Силантий Петрович и Федор, оба в чистых рубахах, сидели рядом, разговаривали неторопливо о хозяйстве.
– Запозднись на недельку, – перестояла бы трава.
– Перестояла бы… А ты, парень, видать, ходил с косой по лесным-то угодьям. Не хваля скажу – меня, старика, обставил.
– Как не ходить! Не из городских, чай.
– Оно и видно.
Алевтина Ивановна на лавке около печки прикладывала смоченные в воде листочки к раненой ноге зайчонка и ласково уговаривала:
– Дурашка моя, кровинушка, чего ж ты, родимый, пугаешься? Не бойся, касатик, раньше бы тебе бояться. Ра-аньше… Угораздило, болезного, подвернуться.
А в стороне, так чтоб не слышать запах мясного борща со стола, сидела и пила топленое молоко Стеша. Светлыми, счастливыми глазами смотрела она на всех: мирно дома, забыто старое.

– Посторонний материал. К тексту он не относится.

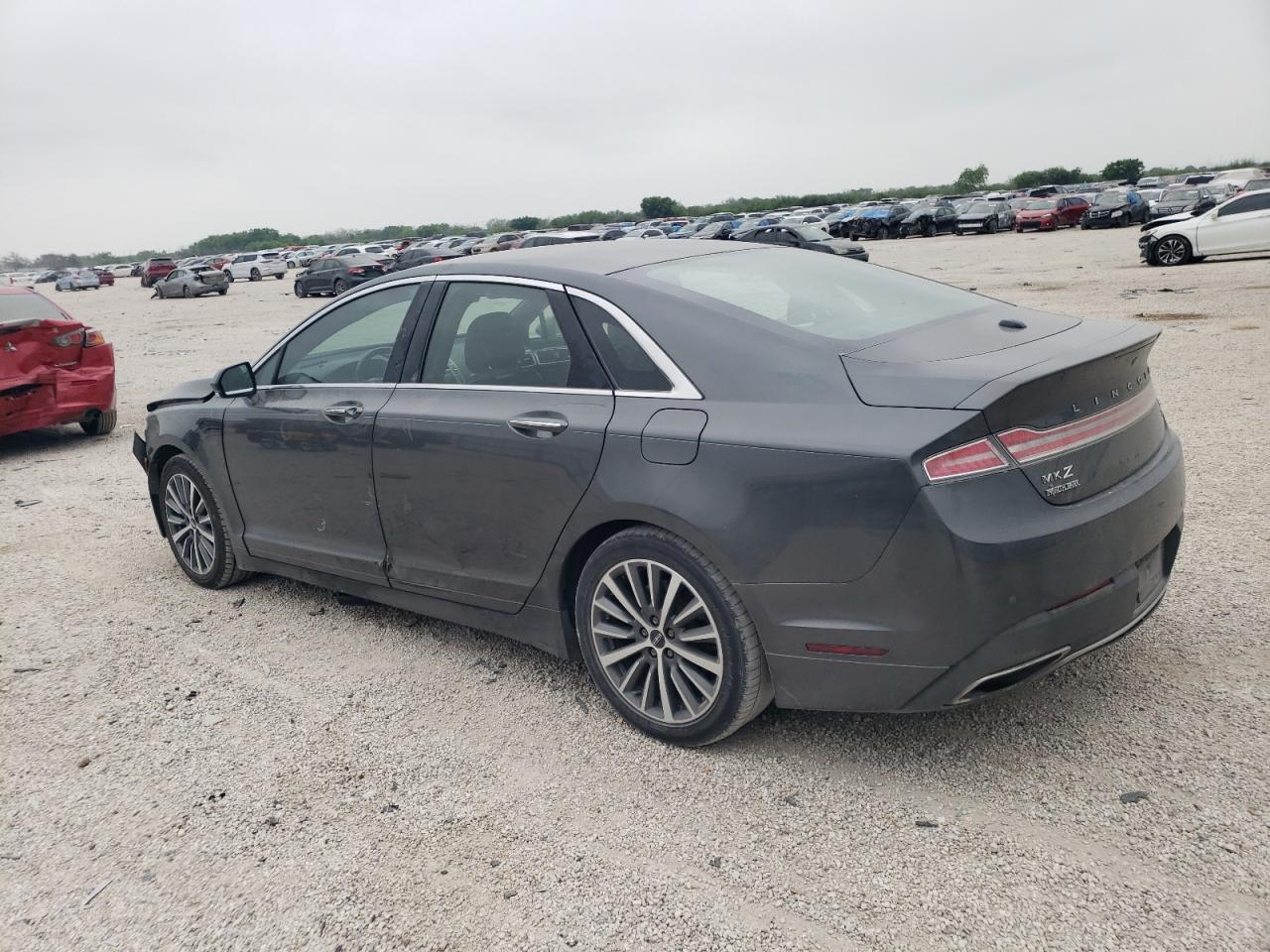 Photo 1 VIN: 3LN6L5KU1KR610955 - LINCOLN MKZ 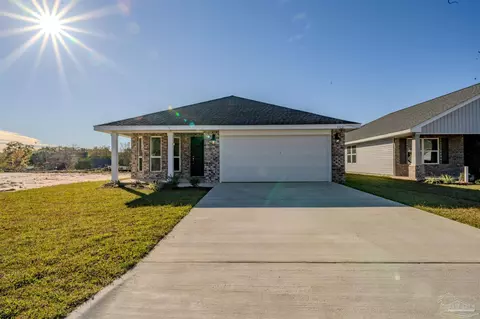 3323 Bliss Ln #13E, Cantonment, FL 32533
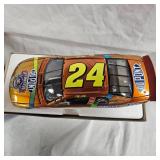1:24 DuPont Jeff Gordon Chromalusion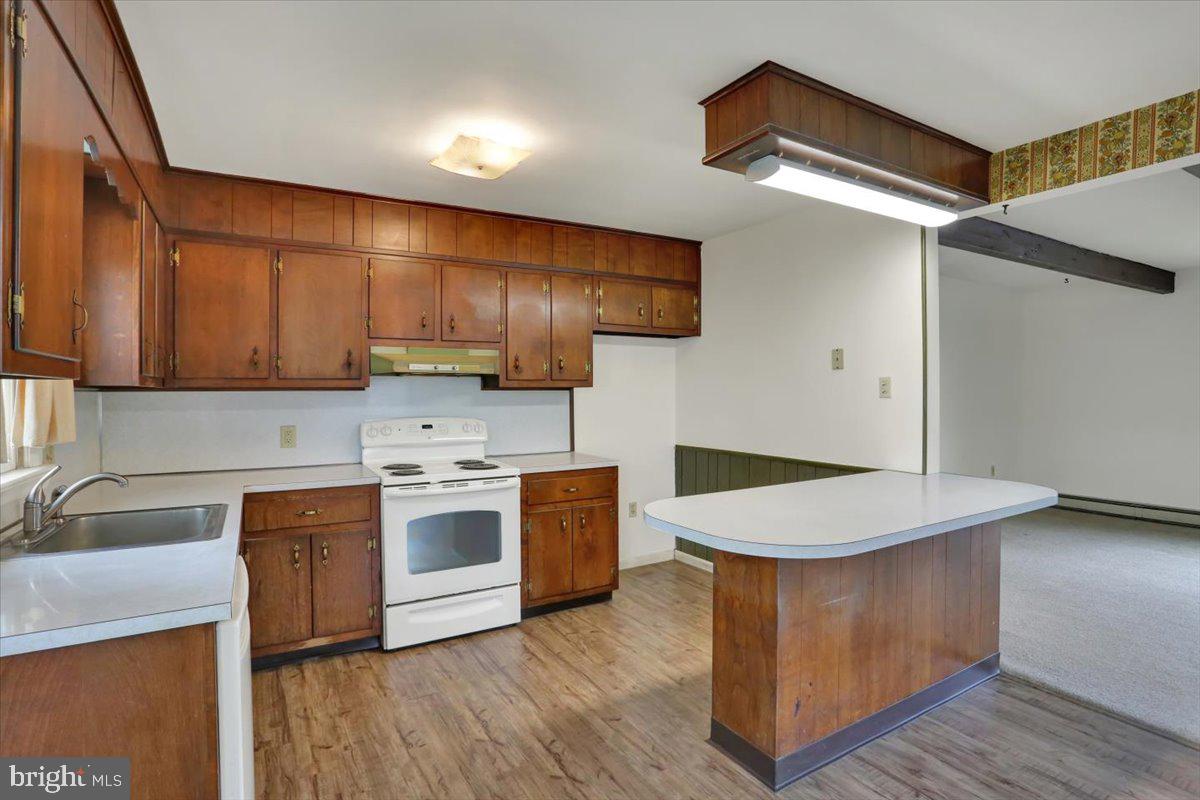 AMITY GARDENS - Residential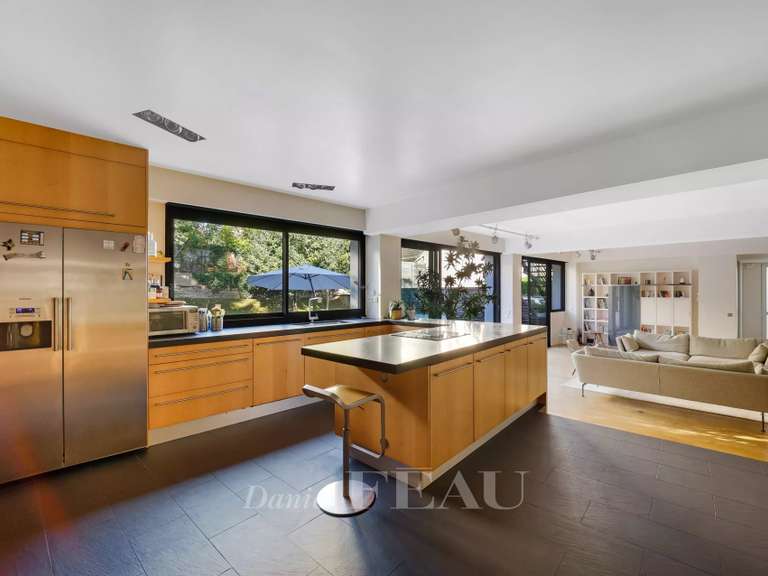 Appartement Viroflay - 3 chambres - 193m²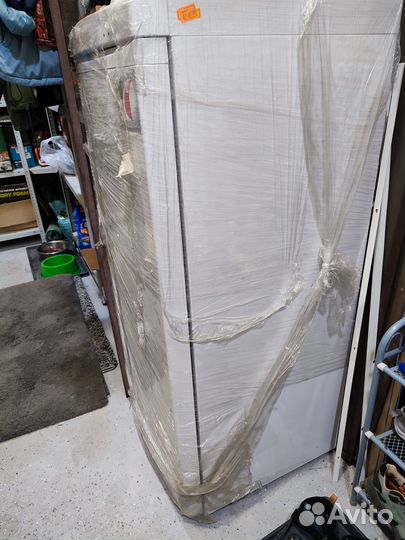 Морозильник ardo FR20 SA 170л неиспользованный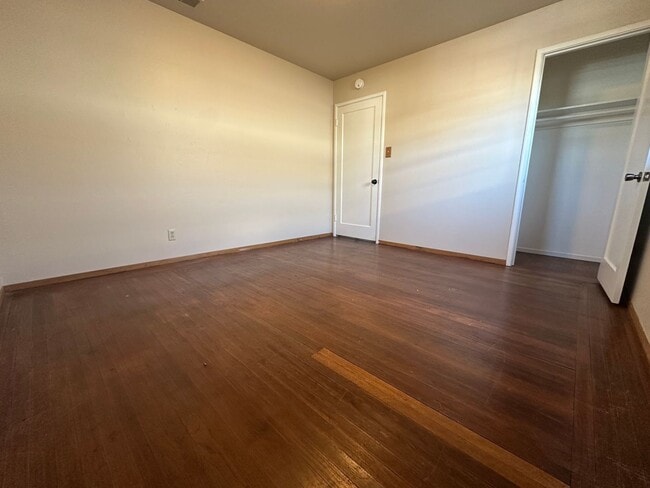 Building Photo - Lovely 3 Bed, 1 Bath with large backyard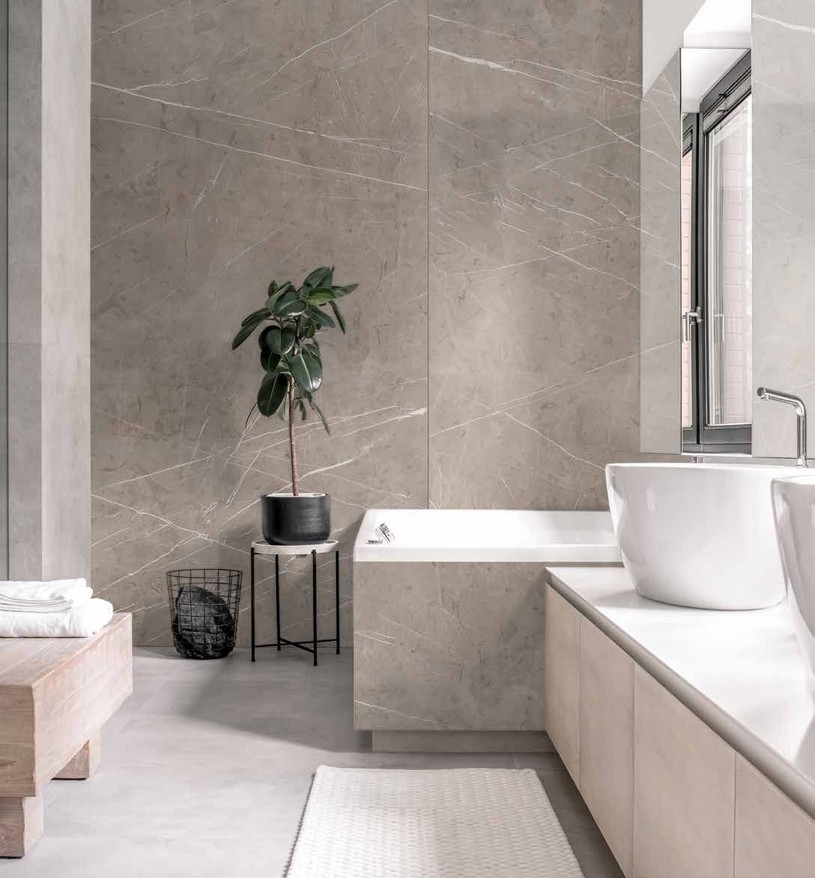 Idea de ambiente · imagen orientativa — Panel de pared SPC Rocko K024 Beige Pietra Marble — 4 mm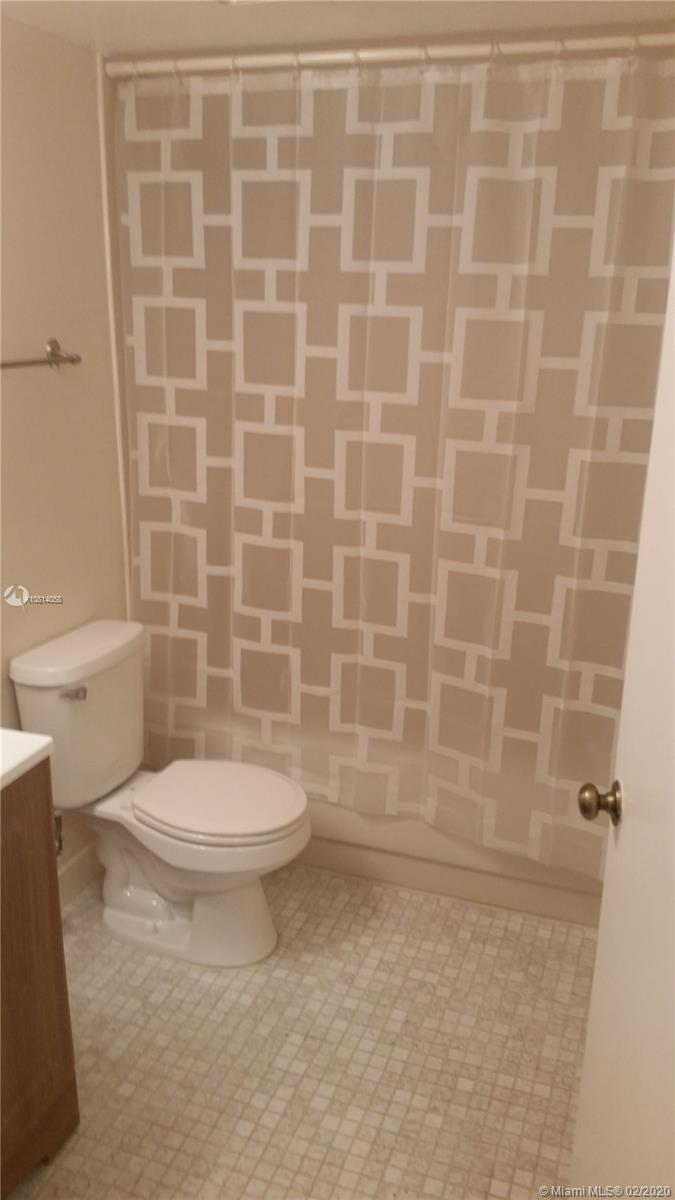 21133 SW 85th Ave # 302, Cutler Bay FL 33189 photo 3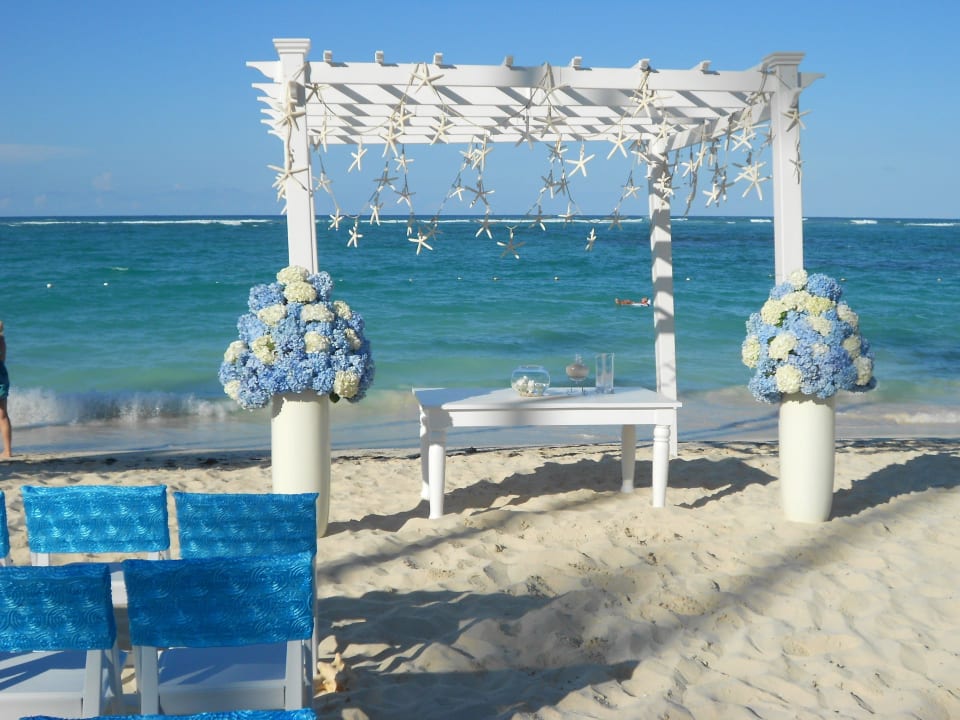 Traualtar am Strand Hotel Grand Palladium Palace Resort, Spa & Casino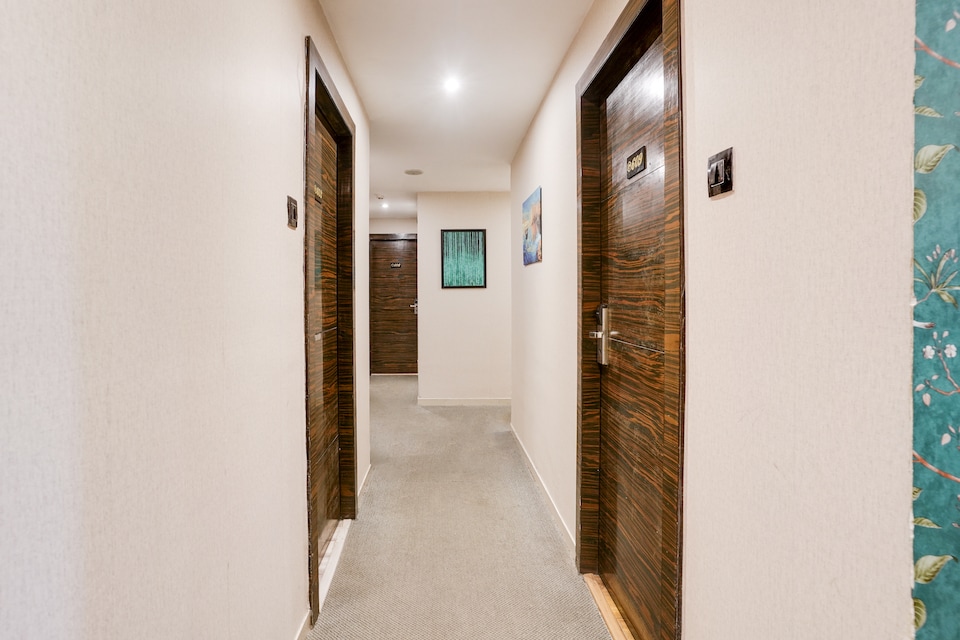 Super Collection O Andheri Near Western Express Highway, Mumbai International Airport, Mumbai
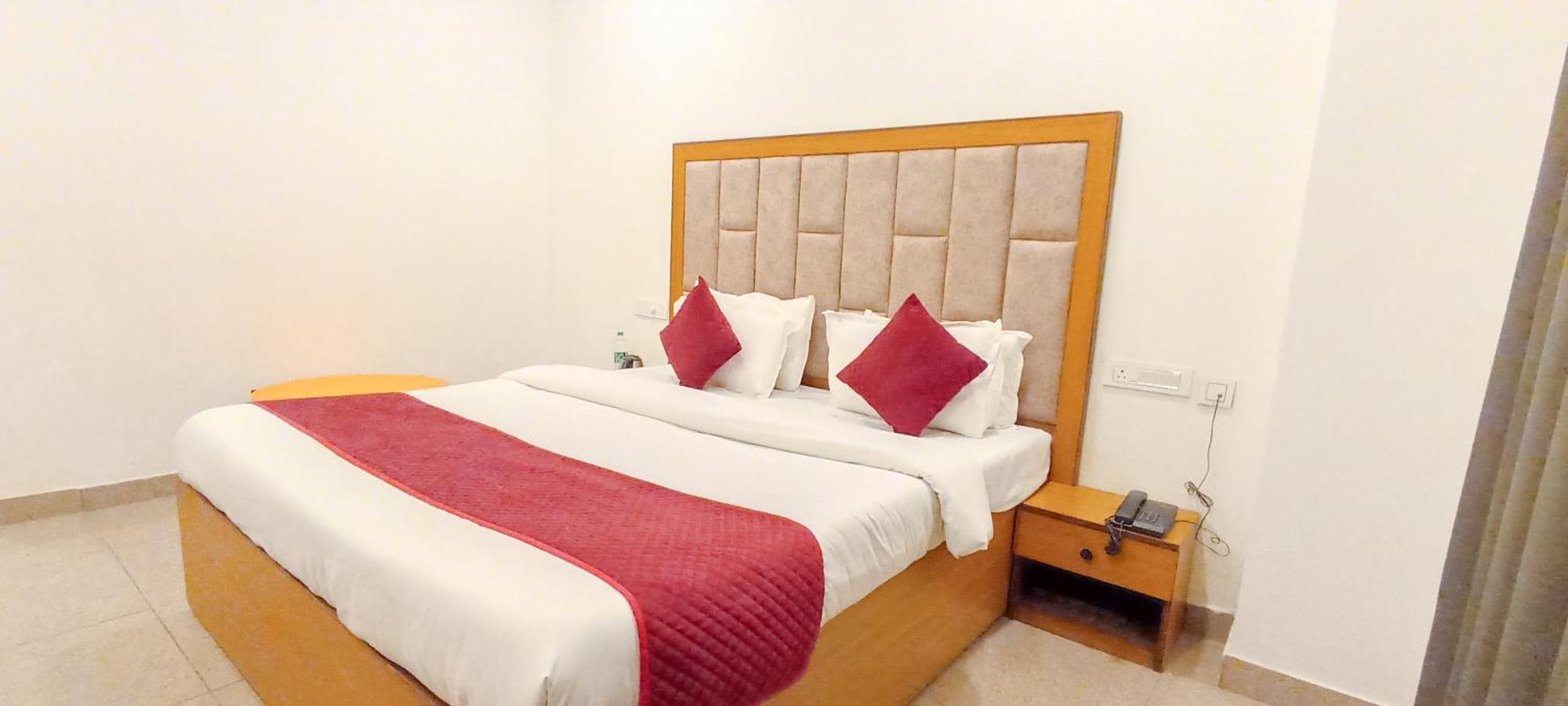 Hotel Lake View Chandīgarh 外观 照片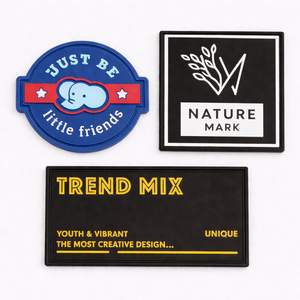 Badge en silicone personnalisé avec logo de dessin animé en relief, crochet et boucle, patch en PVC souple en vrac - Product Image 1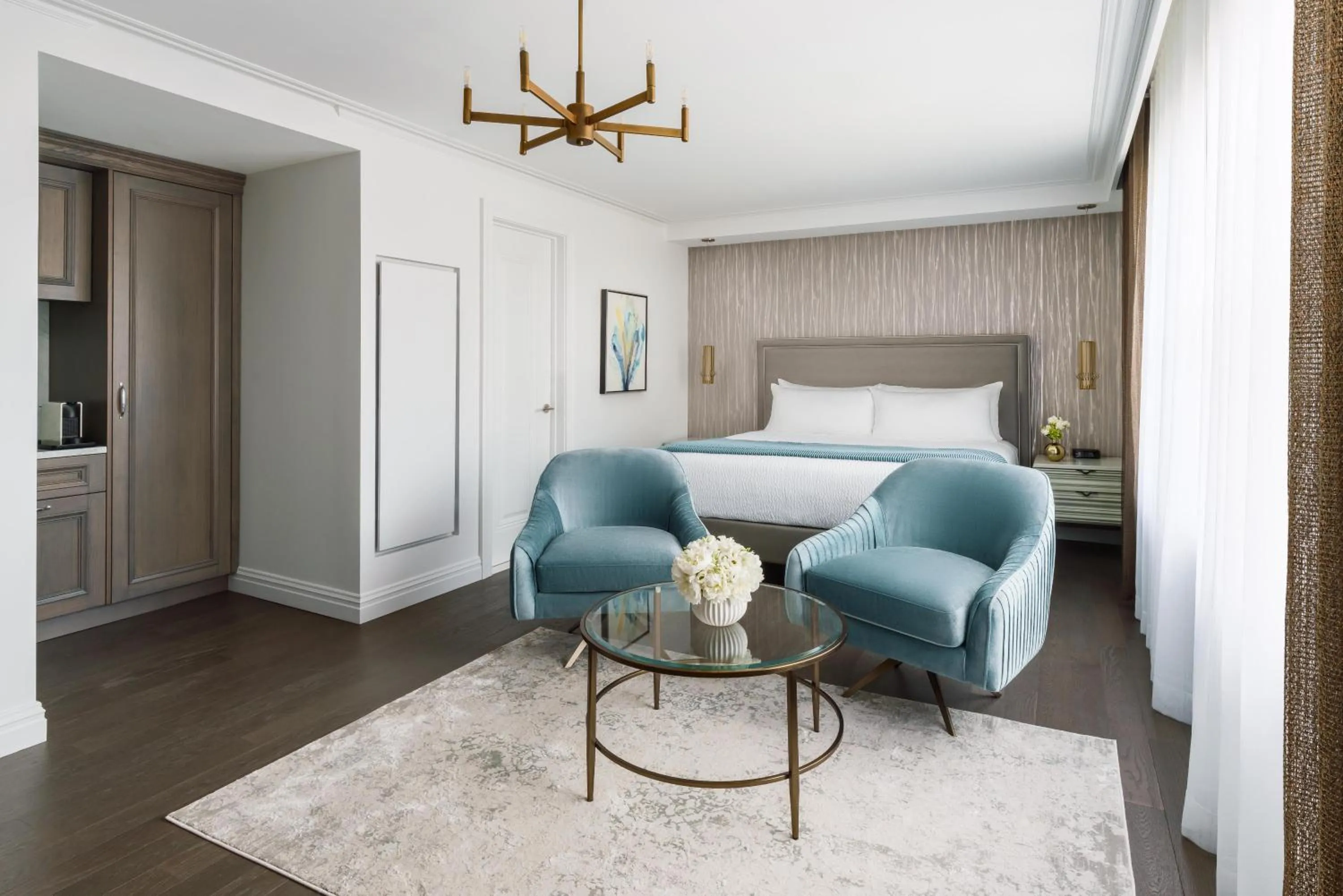 Deluxe King Room in The Wallace Hotel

Она– то промеж Федора да родителей стояла, ей-то больнее всех доставалось, зато уж теперь больше всех и радостно.
Мирно дома, забыто старое.
Пришел поутру бригадир Федот Носов, высокий, узкоплечий, с вечной густой щетиной на тяжелом подбородке. Он нередко заглядывал к Силантию Ряшкину, и Федор, приглядываясь к ним, никак не мог понять – друзья или враги промеж собой эти два человека. Если Федот, войдя, здоровался в угол, останавливался посреди избы, не присаживался, не снимал шапки, значит, не жди от него хорошего. Если же он сразу от порога проходил к лавке и присаживался, стараясь поглубже спрятать свои огромные пыльные сапожищи, значит, будет мирный, душа в душу, разговор, а может, даже и бутылочка на столе.
На этот раз бригадир остановился посреди избы, смотрел в сторону.
– Силан, – сказал он сурово, – завтра собирайся на покосы.
– Что ж, – мирно ответил насторожившийся Силантий Петрович, – как все, так и я.
– Варвара сказала, чтоб ныне кашеваром я тебя не ставил. Клавдию на кашеварство. Болезни у нее, загребать ей трудно. Ты-то для себя косишь небось? Вот и для колхозу постарайся.
– Поимейте совесть вы оба с Варварой – ведь старик я. Для себя ежели и кошу, то через силушку. Не выдумывай, Федот, как ходил кашеваром, так и пойду.
– Ничего не знаю. Варвара наказала.
Федот повернулся и, согнувшись под полатями, глухо стуча тяжелыми сапогами, вышел.
– Ох, пакостница! Ох, змея лютая! Своего-то старика небось подле печки держит! А этот-то как вошел, как стал столбом, так и покатилось мое сердечко… Ломи-ко на них цело лето, а чего получишь? Жди, отвалят…
Силантий Петрович оборвал причитания жены:
– Буде! Возьмись-ко за дело. Бражка-то есть ли к вечеру?
– Бражка да бражка, что у меня, завод казенный или фабрика?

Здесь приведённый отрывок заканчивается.